Kembali pada tahun 2006, para arkeolog di bidang selatan Leipzig, Jerman, menemukan apa yang mereka yakini sebagai situs Pertempuran Lützen, salah satu titik balik dalam Perang Tiga Puluh Tahun yang menghancurkan. Penggalian situs kemudian mengidentifikasi kuburan massal. Sekarang, lapor Megan Gannon di LiveScience, para peneliti akhirnya selesai menganalisis 47 mayat yang terkandung di dalamnya, mengungkapkan siapa prajurit itu dan bagaimana mereka mati.
Perang Tiga Puluh Tahun sesungguhnya adalah serangkaian perang, yang dilangsungkan dari tahun 1618 hingga 1648. Bentrokan yang mematikan menghancurkan Eropa; 20 persen dari total populasi Jerman meninggal selama konflik dan ada kerugian hingga 50 persen di koridor antara Pomerania dan Hutan Hitam, menurut History.com.
Konflik brutal dimulai ketika Katolik Roma bentrok dengan Protestan di Kekaisaran Romawi Suci, sebuah konfederasi longgar negara-negara di Eropa tengah. Akhirnya konflik itu berkobar di Inggris, Denmark dan Belanda. Pada tahun 1630, pasukan Protestan berada di belakang mereka ketika Gustavus Adolphus, raja Protestan Swedia, turun tangan, mendorong tentara Kekaisaran Katolik keluar dari sebagian besar Jerman. Tetapi bantuannya harus dibayar mahal. Pada 16 November 1632, Adolphus terbunuh di Pertempuran Lützen, ketika berperang dengan tentara Kekaisaran di bawah komando Jenderal Albrecht von Wallenstein.
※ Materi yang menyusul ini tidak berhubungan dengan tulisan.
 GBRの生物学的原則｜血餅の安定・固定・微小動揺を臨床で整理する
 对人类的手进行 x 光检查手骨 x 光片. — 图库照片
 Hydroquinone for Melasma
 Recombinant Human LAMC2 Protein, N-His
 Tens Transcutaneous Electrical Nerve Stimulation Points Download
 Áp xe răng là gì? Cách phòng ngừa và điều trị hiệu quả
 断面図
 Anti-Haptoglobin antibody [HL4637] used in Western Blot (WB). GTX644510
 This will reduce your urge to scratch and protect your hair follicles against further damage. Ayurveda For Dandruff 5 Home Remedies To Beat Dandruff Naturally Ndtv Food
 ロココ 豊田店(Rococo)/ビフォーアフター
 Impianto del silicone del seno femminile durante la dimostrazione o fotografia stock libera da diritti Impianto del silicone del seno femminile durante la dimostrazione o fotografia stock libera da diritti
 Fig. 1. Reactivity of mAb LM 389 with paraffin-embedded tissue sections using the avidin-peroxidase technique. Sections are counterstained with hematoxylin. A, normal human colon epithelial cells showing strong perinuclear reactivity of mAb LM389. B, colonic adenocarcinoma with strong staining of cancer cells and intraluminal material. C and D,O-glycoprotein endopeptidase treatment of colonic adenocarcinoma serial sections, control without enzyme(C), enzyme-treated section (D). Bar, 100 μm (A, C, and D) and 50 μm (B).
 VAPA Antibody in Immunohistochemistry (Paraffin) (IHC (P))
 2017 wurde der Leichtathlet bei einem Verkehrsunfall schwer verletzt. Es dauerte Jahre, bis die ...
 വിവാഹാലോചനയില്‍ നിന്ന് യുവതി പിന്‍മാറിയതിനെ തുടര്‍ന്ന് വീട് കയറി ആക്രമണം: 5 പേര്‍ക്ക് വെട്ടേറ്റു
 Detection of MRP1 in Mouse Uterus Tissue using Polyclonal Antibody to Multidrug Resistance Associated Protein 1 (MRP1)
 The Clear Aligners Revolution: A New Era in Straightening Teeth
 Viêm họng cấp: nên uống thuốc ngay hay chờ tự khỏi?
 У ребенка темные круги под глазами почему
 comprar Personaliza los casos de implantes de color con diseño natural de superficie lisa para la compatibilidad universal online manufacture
Menurut Kristina Killgrove di Forbes, para prajurit di kuburan massal mati dalam pertempuran yang sama. Para peneliti melakukan pemeriksaan forensik terhadap 47 mayat untuk menentukan jenis luka apa yang membunuh setiap prajurit. Mereka menemukan bahwa para prajurit adalah laki-laki mulai dari usia 15 hingga 50, dan sebagian besar menunjukkan bukti trauma sebelumnya dalam hidup mereka, yang berarti mereka bisa jadi veteran.
Analisis menunjukkan ada berbagai macam cedera fatal, mulai dari luka tusuk hingga lubang peluru. Trauma tumpul pada wajah dan rahang adalah umum dan ditemukan pada 12 orang. Enam lainnya menunjukkan tanda-tanda patah tulang rusuk atau tungkai mereka dan tujuh lainnya ditusuk di punggung atau panggul. Tetapi cedera yang paling sering adalah luka tembak, yang ditemukan pada 21 mayat. Di sekitar setengah dari tubuh-tubuh itu, sebuah peluru ditemukan di tengkorak, lapor Killgrove. Penelitian ini muncul dalam jurnal PLOS One .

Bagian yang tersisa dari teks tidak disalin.